ITEM 3. QUANTITATIVE
AND QUALITATIVE DISCLOSURES ABOUT MARKET RISK
The
primary objective of the following information is to provide forward-looking
quantitative and qualitative information about our potential exposure to market
risks. The term “market risk” refers to the risk of loss arising from adverse
changes in interest rates and oil and gas prices. The disclosures are not meant
to be precise indicators of expected future losses, but rather indicators of
reasonable possible losses. This forward-looking information provides indicators
of how we view and manage our ongoing market risk exposures. All of our market
risk sensitive instruments were entered into for purposes other than
trading.
General
All of
our assets and liabilities are denominated in U.S. dollars, and as a result, we
do not have exposure to currency exchange risks.
We are
exposed to various market risks, principally fluctuating interest rates and
changes in commodity prices.
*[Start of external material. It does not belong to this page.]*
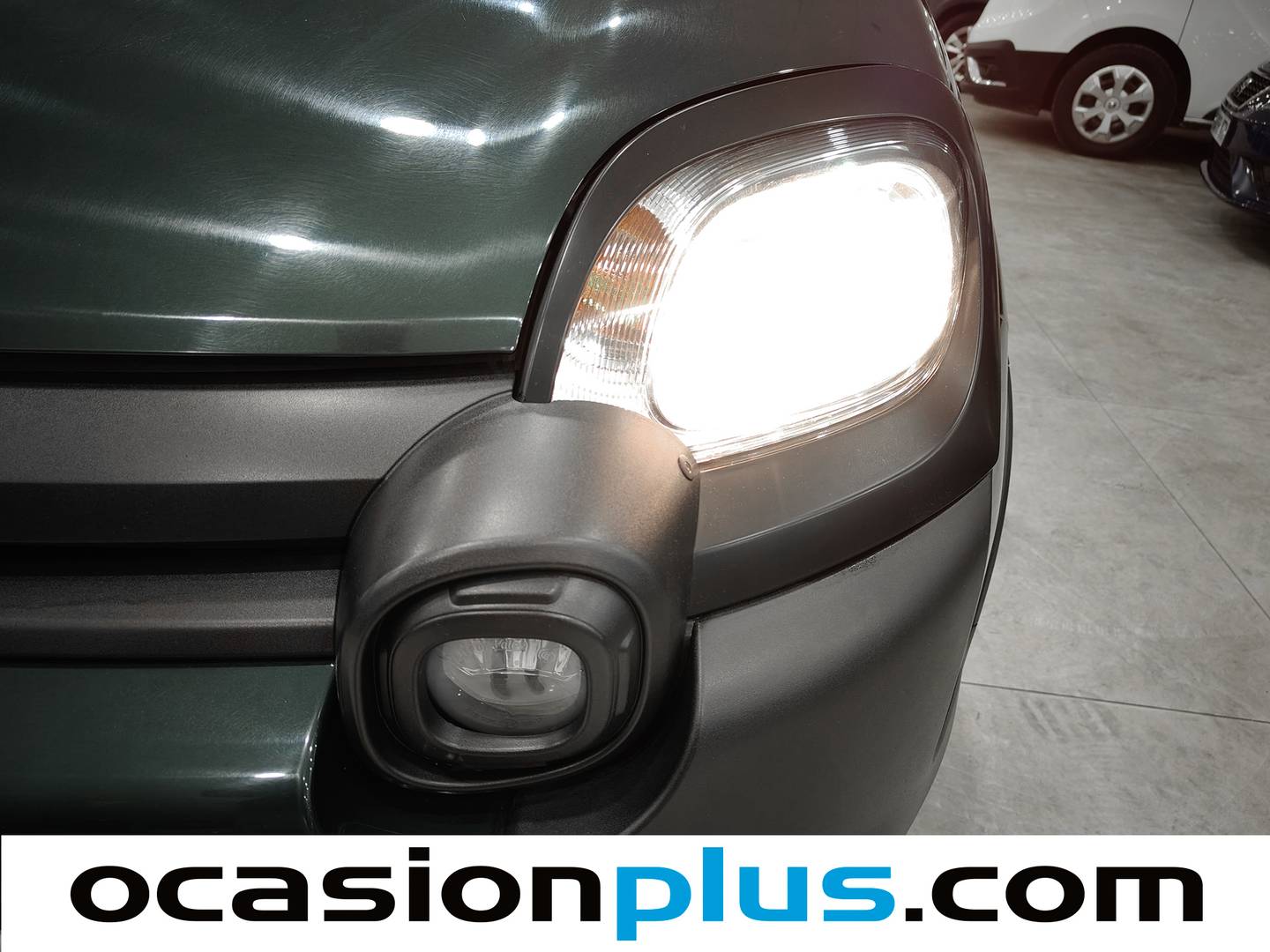 Foto Fiat Panda Fiat Panda 1.0 Hybrid Cross (70 CV)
These risks can impact our results of operations,
cash flows and financial position. We manage these risks through regular
operating and financing activities and periodically use derivative financial
instruments.
The
following analysis presents the effect on our earnings, cash flows and financial
position as if the hypothetical changes in market risk factors occurred on March
31, 2005. Only the potential impacts of hypothetical assumptions are analyzed.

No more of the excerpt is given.